The real "deal" with sex is not that people are too free about practicing it, but that people are not free enough to pursue the satisfaction of their natural desires in a healthy way.
Sorry about the weird format, the form won't process my enter key correctly.
Sexuality is involentary, you have little to no will in its presence, it can even usurp control and make you believe it is under your rational control. It has been expressed as the blind will of nature, nature wants you to reproduce, and it has a bag full of tricks to make sure you do. Many people in there later years look back at all the time consumed by this passion, the bad relationships, and wasted frustrations, and think, what if I had been free of that to fellow with a like passion something of cultural value. It is the one story that people never tire of generation after generation, pop songs and romance novels, boy chases girl ---boy gets girl--boy loses girl sounds like a country song to me. It is the strongest impluse to nature in the world. No matter how much misery creatures are subjected to, they eagerly bring on the next generation, even if there is no expectations of the fortunes of their children being any better. I think I shall leave it on that high note.
People should not be free in the expression of sexuality
Fido,
My thinking is much along the same lines as your own reguarding sexuality, sexuality is pretty raw nature, society as the container gives it shape, but, it is the will of nature and thus does not often conform naturally to the shape of society as container. Perhaps the greater tolernance of people outside what is termed the norm is only just, and the more rational approach is greater tolerance. It would be a blessing if sexuality was made safer, and more readly available so that it does not consume so much of a young persons consciousness. People would become naturally more emotionally mature. Sexual selection is the function of the female however, at least where it is not taken out of their physical control. More women should be aware of this as part of their education. Women have a power here which can effect transformation in society, they have begun doing so in earnest just in the last forty years, it is at the same time a civilizing force, and it is right in line with nature.
I'm trying to come up with words adequate to express the immorality of this view and I'm overwhelmed - there's just too much. So I'll leave it with 'wow'.
If it is worth expressing; thanks, but I was not trying to wow you, but only to express what is obvious.

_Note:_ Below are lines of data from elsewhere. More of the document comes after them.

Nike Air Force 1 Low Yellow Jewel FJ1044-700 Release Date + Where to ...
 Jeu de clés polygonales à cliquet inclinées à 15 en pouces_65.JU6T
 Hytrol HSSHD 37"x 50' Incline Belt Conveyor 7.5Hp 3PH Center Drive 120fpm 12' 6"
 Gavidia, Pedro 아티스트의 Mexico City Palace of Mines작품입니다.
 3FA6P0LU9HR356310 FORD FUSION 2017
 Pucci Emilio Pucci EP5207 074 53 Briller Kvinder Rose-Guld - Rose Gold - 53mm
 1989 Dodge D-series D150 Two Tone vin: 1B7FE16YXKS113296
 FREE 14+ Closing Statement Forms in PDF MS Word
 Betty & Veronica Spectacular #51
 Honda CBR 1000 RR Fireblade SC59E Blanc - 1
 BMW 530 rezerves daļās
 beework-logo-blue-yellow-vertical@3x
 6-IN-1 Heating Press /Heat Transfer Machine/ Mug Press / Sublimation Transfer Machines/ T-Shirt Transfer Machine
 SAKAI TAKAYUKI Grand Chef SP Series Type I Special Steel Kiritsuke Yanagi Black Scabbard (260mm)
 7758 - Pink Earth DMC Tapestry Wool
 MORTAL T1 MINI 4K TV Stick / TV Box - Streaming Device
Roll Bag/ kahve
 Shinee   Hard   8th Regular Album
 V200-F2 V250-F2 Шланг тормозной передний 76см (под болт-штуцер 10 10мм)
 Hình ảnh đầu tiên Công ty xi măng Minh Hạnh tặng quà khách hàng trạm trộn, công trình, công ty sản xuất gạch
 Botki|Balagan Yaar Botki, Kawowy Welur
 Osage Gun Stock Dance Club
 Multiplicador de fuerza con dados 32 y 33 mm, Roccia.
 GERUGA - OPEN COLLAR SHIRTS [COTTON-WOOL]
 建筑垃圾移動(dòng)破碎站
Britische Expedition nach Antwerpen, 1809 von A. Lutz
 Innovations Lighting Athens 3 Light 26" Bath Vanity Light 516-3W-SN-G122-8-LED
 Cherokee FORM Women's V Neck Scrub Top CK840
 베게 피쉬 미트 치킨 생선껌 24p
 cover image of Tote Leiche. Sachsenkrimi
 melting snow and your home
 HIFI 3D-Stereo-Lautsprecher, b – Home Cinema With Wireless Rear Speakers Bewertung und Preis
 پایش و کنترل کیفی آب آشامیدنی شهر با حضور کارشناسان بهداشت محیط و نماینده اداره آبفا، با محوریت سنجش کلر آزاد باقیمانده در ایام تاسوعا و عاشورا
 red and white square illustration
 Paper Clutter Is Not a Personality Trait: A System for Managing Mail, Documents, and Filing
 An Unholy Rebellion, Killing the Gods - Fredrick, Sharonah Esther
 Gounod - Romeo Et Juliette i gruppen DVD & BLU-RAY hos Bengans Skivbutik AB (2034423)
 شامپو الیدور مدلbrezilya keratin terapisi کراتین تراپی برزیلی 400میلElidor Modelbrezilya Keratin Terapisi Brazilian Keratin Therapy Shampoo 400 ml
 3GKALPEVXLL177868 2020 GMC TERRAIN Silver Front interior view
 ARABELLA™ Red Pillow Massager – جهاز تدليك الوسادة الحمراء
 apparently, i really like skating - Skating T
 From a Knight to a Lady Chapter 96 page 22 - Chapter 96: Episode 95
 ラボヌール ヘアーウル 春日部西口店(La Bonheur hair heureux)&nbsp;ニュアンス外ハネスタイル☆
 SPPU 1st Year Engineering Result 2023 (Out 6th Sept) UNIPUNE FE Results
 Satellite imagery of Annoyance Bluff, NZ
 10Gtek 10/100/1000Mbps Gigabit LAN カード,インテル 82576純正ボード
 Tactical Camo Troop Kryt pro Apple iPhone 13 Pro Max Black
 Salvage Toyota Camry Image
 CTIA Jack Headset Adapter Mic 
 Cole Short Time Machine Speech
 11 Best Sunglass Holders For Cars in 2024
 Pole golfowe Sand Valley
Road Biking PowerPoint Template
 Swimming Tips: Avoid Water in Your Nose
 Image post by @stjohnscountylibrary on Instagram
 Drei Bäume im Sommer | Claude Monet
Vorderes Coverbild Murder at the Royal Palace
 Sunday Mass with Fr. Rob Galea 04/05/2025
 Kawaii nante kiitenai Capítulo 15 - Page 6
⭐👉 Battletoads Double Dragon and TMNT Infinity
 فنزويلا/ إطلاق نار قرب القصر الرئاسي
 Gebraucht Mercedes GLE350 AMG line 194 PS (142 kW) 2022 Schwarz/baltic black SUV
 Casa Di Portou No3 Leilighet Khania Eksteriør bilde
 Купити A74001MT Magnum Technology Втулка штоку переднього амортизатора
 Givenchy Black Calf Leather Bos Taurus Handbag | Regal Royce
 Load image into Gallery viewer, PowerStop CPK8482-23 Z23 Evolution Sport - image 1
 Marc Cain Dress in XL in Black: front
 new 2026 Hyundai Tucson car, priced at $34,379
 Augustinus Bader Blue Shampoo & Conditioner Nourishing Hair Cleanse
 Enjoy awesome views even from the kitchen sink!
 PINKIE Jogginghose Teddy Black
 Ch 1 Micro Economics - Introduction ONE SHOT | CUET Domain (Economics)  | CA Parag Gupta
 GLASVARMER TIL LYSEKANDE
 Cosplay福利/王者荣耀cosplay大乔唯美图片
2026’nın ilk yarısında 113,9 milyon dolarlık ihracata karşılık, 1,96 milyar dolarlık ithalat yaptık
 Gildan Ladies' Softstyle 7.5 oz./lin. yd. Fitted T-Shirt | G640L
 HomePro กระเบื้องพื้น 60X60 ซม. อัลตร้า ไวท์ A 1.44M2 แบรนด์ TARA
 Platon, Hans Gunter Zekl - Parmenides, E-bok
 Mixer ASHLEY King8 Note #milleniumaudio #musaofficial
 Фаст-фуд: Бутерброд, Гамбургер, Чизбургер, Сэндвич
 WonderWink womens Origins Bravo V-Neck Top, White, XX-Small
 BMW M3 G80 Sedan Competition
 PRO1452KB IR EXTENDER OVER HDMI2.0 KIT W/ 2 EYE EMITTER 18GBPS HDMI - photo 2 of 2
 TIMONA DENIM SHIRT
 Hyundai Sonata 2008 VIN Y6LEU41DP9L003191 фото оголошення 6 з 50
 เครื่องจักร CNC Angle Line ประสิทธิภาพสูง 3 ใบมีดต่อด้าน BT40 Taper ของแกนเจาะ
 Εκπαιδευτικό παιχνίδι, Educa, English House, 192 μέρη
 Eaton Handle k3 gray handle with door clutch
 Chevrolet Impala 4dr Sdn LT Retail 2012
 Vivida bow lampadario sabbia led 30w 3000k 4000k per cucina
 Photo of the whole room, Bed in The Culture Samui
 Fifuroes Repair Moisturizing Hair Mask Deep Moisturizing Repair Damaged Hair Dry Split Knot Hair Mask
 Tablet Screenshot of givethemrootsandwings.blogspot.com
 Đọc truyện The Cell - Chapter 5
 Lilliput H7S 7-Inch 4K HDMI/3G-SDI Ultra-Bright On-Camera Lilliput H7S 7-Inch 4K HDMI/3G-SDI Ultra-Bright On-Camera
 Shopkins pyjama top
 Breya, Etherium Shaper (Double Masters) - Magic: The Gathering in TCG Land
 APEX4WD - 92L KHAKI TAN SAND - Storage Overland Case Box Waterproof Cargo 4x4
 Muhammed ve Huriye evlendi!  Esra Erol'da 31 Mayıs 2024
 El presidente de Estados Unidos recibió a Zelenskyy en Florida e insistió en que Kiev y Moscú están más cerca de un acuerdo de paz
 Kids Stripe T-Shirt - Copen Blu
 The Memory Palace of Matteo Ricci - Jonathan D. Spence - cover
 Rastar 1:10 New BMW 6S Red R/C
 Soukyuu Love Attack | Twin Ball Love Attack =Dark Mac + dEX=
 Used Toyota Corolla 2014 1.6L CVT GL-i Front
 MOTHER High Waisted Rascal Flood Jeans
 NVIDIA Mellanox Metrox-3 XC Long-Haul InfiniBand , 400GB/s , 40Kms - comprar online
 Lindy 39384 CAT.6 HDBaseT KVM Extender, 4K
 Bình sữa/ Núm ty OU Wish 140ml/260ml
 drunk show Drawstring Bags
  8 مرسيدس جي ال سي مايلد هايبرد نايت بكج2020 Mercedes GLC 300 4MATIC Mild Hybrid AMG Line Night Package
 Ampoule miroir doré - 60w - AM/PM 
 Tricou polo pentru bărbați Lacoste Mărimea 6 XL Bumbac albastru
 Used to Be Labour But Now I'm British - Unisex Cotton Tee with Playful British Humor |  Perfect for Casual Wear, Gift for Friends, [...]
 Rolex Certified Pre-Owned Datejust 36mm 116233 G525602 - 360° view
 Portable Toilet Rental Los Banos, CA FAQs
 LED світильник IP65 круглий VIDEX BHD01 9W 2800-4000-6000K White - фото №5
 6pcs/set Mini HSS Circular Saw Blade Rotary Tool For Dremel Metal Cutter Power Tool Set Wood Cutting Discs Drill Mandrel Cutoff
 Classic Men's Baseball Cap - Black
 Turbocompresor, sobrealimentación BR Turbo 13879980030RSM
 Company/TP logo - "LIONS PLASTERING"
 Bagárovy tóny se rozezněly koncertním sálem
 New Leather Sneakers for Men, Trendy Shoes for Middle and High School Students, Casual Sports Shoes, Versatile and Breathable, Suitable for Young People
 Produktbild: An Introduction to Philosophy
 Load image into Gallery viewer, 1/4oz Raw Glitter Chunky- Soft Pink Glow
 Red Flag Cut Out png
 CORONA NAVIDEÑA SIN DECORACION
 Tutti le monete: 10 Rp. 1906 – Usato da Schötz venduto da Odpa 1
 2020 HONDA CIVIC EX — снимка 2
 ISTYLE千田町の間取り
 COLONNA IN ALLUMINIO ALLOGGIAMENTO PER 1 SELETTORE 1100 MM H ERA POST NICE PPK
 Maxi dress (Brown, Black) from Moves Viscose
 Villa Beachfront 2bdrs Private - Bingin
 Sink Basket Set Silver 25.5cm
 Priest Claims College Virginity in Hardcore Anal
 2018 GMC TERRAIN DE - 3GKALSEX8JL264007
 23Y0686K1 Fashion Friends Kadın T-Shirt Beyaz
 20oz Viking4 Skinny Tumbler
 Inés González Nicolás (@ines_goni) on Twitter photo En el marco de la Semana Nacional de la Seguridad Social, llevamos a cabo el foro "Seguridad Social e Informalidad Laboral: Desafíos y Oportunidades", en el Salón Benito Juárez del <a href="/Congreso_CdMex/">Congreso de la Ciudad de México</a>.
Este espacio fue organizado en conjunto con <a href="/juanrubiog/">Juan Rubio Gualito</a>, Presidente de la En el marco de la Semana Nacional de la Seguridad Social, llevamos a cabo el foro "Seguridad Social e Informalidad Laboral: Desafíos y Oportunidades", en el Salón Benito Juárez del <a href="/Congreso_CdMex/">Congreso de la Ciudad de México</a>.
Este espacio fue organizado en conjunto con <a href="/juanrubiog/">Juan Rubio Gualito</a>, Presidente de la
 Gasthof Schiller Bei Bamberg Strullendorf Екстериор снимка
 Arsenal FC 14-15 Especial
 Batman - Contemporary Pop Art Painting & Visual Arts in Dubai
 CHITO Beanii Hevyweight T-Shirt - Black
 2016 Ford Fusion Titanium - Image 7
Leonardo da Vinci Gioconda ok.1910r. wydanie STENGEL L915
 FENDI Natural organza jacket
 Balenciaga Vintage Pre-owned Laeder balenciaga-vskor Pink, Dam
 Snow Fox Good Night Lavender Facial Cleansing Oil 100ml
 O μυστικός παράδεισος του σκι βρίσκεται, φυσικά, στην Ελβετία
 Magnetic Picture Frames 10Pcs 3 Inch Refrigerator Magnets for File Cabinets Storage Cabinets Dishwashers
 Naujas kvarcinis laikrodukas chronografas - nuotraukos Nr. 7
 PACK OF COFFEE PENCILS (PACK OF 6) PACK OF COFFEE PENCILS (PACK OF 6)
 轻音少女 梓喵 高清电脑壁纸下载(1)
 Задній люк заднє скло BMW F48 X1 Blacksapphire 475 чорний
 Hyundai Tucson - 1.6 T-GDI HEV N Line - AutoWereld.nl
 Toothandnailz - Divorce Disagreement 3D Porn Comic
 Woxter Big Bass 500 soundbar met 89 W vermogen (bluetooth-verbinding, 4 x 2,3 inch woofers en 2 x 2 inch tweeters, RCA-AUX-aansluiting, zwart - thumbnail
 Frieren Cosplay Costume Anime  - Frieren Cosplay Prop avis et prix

Oh, and I hate to break this to you, but we *are* animals. Intelligent; yes, but animals nonetheless. Accepting this doesn't forgive unacceptable or destructive behavior, but it's a truth well worth keeping in mind.
Hrmm let's see...
... any 'freedom' bestowed can be abused; taken to extremes as to do others harm. If you consider the term 'freedom', as its used, to be absolute to any level of absurdity; then yes, I'd agree. And if this is the case, you've succeeded in stating the obvious (at least, I'd think, to the majority of *this* crowd).
Almost no 'liberty' or 'freedom' given, by any entity, on any basis and for any reason is *absolute* and without qualification. The question for the philosopher, to my way of thinking, is what limits are those? What basis for limits of personal action should there be? For sexuality, what extent of expression is OK, natural, socially acceptable, productive, healthy, etc.
Oh, and I hate to break this to you, but we *are* animals. Intelligent; yes, but animals nonetheless. Accepting this doesn't forgive unacceptable or destructive behavior, but it's a truth well worth keeping in mind.
If we are animals, we are at least an animal species that realize that we are, which makes us a special type of animals. Sexual expression although animalistic in nature must be tempered with human control unless we want people copulating like dogs in the street.